Short descriptive text snippets
§

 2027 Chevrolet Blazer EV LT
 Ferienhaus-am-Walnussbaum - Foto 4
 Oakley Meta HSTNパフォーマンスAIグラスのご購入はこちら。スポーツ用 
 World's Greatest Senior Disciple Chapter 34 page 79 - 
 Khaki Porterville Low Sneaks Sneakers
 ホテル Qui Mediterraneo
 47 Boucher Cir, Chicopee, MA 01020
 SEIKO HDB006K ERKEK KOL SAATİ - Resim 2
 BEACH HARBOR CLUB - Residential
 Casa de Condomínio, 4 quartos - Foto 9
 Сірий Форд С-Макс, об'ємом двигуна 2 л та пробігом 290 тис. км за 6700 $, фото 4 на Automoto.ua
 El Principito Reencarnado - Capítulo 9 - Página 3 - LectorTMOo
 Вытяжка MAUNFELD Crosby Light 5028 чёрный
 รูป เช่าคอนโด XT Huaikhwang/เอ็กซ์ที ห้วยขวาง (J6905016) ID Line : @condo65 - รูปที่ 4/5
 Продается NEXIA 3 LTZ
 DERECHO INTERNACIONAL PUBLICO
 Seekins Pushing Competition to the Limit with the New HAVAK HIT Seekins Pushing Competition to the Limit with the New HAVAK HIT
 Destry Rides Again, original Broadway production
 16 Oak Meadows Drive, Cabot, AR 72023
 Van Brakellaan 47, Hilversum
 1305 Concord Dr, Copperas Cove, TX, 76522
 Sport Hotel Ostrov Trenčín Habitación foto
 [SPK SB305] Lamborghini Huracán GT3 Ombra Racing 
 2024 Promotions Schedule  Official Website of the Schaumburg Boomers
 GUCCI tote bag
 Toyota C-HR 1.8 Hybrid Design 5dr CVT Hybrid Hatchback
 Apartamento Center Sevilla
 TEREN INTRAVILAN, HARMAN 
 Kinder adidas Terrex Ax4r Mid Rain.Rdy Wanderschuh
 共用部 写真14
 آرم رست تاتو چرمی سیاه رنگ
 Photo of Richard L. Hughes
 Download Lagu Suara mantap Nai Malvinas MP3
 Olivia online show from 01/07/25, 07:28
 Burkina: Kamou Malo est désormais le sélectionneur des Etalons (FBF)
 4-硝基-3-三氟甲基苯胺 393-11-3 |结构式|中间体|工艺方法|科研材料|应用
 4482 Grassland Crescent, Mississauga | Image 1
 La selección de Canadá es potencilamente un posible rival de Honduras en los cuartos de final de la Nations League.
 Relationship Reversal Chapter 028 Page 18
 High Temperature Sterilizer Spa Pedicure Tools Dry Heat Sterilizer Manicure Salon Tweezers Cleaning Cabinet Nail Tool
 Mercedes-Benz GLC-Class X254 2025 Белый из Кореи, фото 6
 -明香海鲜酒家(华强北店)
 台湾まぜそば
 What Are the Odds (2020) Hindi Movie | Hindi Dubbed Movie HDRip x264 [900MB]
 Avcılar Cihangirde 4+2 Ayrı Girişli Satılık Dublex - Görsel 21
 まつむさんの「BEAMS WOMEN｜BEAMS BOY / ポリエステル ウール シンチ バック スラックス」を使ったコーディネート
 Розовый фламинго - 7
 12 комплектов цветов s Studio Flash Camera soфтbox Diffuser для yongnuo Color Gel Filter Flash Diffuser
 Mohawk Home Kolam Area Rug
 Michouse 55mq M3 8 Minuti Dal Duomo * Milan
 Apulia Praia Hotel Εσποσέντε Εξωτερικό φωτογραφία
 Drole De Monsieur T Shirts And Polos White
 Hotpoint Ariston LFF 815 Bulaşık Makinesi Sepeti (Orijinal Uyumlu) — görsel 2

§

Task:
Which lines of the data contain the word "Chapter"? Copy each one.

Exercise output:
 World's Greatest Senior Disciple Chapter 34 page 79 - 
 Relationship Reversal Chapter 028 Page 18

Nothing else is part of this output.